TIME: A lot has happened since 1997. Hun Sen has welcomed back Nuon Chea, Khieu Samphan and Ke Pauk. At one point, he even told Cambodians not to think about having trials. Do you think Hun Sen still wants UN support or does he just wish this issue would go away?

A: I think he still wants support from the UN but at his request, and that is the problem. Perhaps his request for assistance is not the way the UN wants to provide assistance. I think that Hun Sen would like Cambodia--in order for economic development to blossom--to be integrated into the global economy. These are the facts of life. It's very significant for bodies like the UN to be involved in the Khmer Rouge trials, and I think Hun Sen would like that. It's just a matter of how much help he wants to receive and how much the UN is willing to provide.
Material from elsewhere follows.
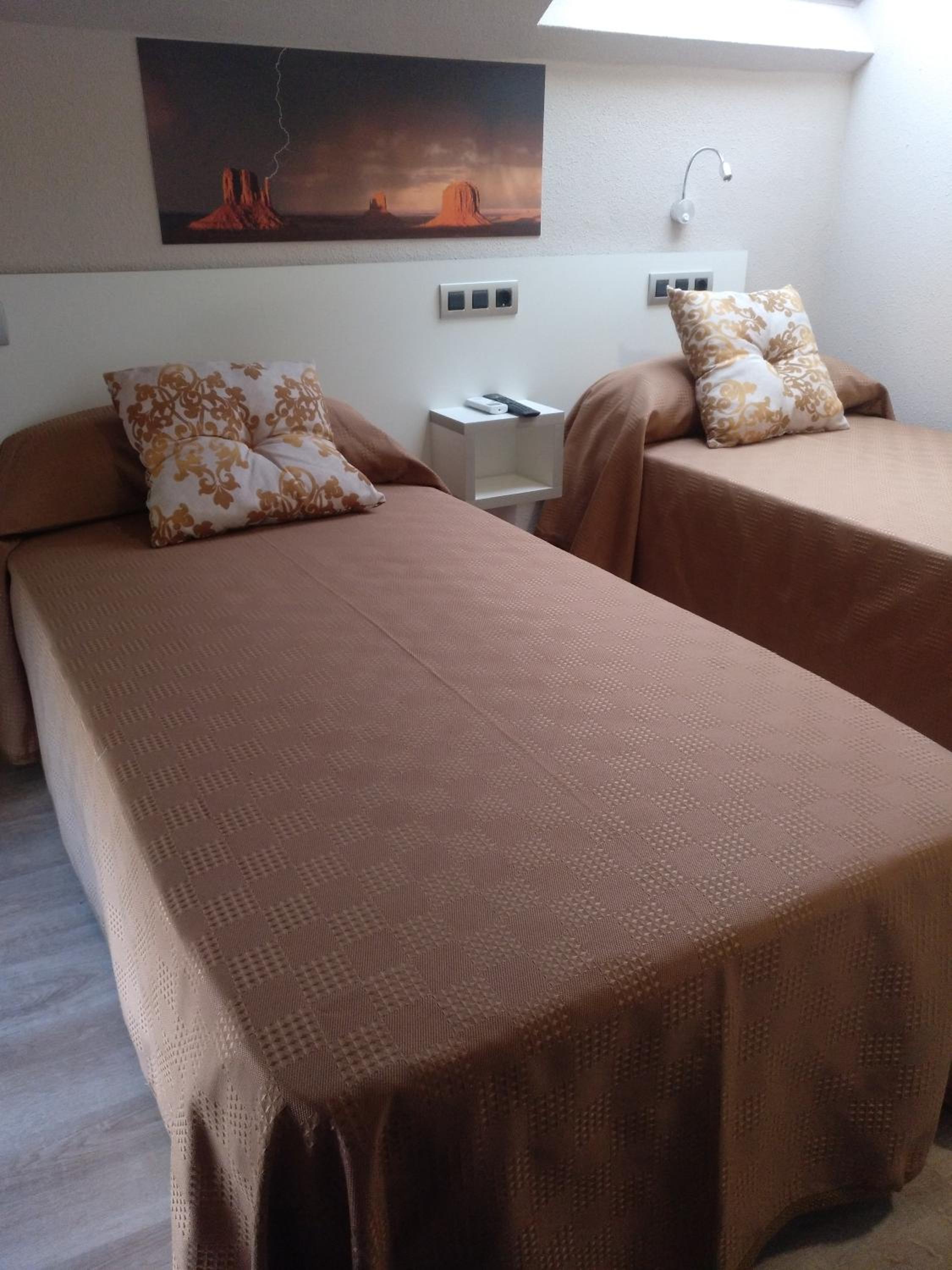 Twin Room - Photo 7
TIME: One of the major sticking points right now seems to be trust. All the major points the UN has brought up have to do with ensuring that politics do not intrude on the process, specifically in preventing defectors such as Ieng Sary from being indicted. Do you think Hun Sen is willing to allow a truly independent court? He has said it might restart the civil war.

A: First of all, I don't think there will be a civil war and I think Hun Sen knows that. From attending a lot of meetings and talking to survivors, I feel that no one wants to have a civil war and no one wants to run to the jungle again. There's no place to hide now. I think it's not a matter of trust, it' s a matter of honesty. Hun Sen or the UN should not even think about control. If either has the idea that they want to control anything that comes up in the court, it won't be fair, it won't be just.
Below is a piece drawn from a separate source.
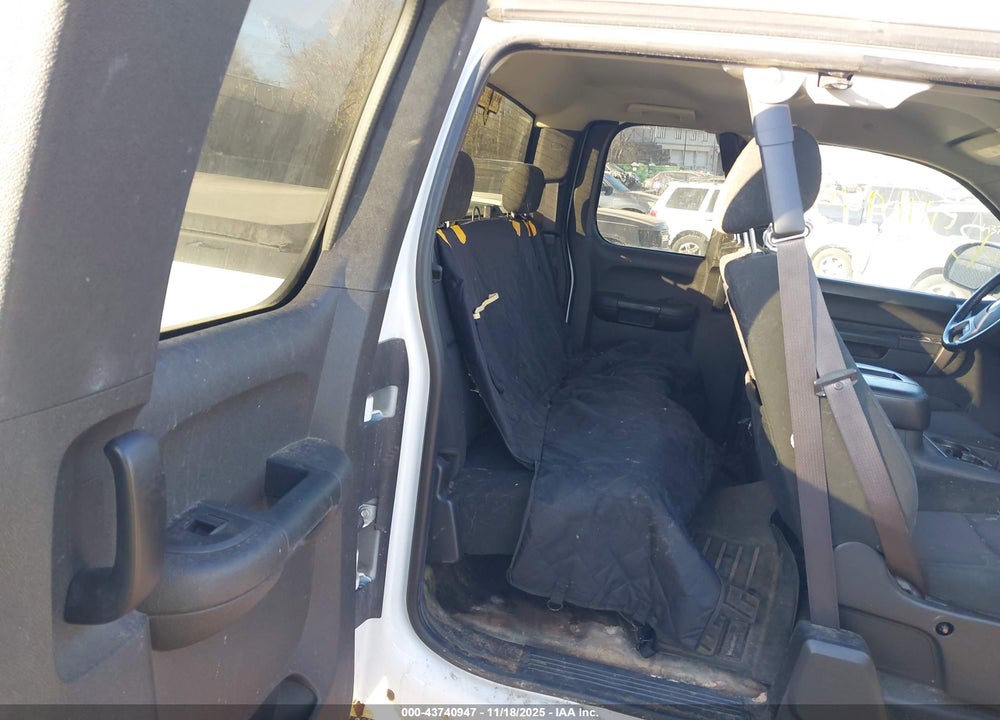 2011 CHEVROLET SILVERADO 1500 LT VIN: 1GCRKSE38BZ400323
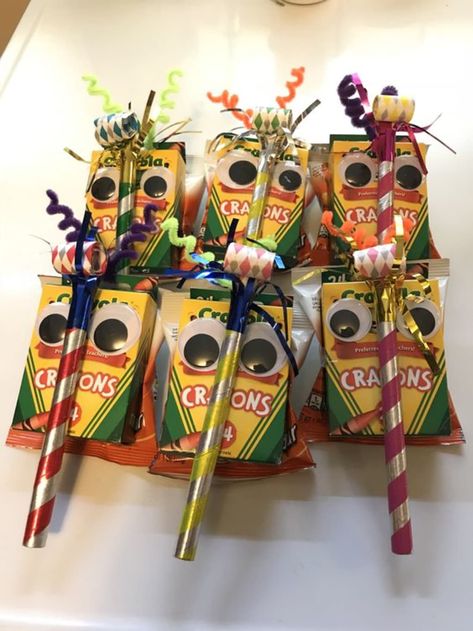 Birthday Snacks For Kindergarten, Daycare Bday Treats, Classroom Halloween Treats Party Favors, Party Favors For Preschool Birthday, Birthday Treat For Daycare, Birthday Class Treats Schools, Birthday Snacks For School Preschool, Daycare Birthday Party Favors, 2nd Birthday Treats For Daycare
TIME: Do you think Hun Sen wants Cambodian courts to control this process?

A: I think he does. It shows the independence of the country. He sees it as a political rather than a justice issue: Having someone above a Cambodian judge or lawyer seems to send the message that foreigners have control and this discredits the integrity of the country. But Hun should not worry about that and he should make sure that no one can control the court.

TIME: Critics say Hun Sen's ulterior motive is to protect defectors from being brought to court. Do you think he really wants all those responsible for Khmer Rouge atrocities brought to court, or is he more interested in selective justice?
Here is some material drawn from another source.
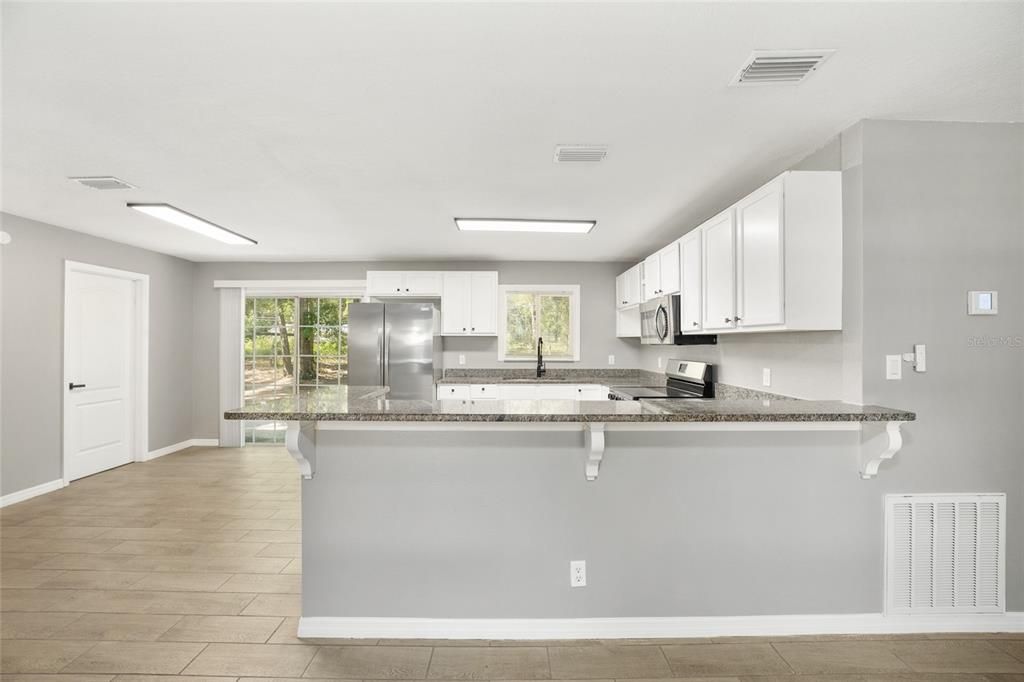 For Sale: $253,000 (3 beds, 2 baths, 1416 Square Feet)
A: It seems to me that he doesn't care if anyone wants to bring Ieng Sary to justice. I think it is just a matter of how much power the court has to issue the indictment. That's the key. If the court is independent, if the prosecutors have the right and the full authority to indict anyone who there is sufficient evidence against, then I don't think Hun Sen, or even God, can prevent that from happening. There should be some kind of agreement between the government and the UN that 'right now we start with anyone on the Standing Committee and see how it goes.' And then maybe there could be Phase 2, looking at the regional leadership, and then Phase 3, and see how far it goes. If you try to do everything at the same time, it will only confuse and delay the process.

Q: If the UN and Cambodia are able to agree to run a tribunal jointly, how might it benefit Cambodia's court system?

A: Cambodia can learn from it. It can use all the systems and resources that have been established for the trial. It can have a formal reference of how a case should be structured. It will also be an educational process for them to see how a case is conducted in this kind of environment.

TIME: What if the UN and Cambodia do not come to an agreement? What will be the result if Cambodia holds these trials on its own?

A: Cambodia will always survive, it will always move on with its own life, but without prosperity, without law. Cambodians will no longer trust the legal system, which will damage the future of Cambodia. The country will take another 50 years or so to catch up with the world. We will remain behind, we'll remain in poverty and that will cause other problems in society. Who knows? Another revolution? Another war? According to the past, history here is always repeated. So there's a lot of consequences that could happen. But at the same time I hope that the UN and the Cambodian government believe that they both have historical responsibilities to make this happen. And both of them have no choice but to make it work, not just for Cambodia but also for other countries in the world.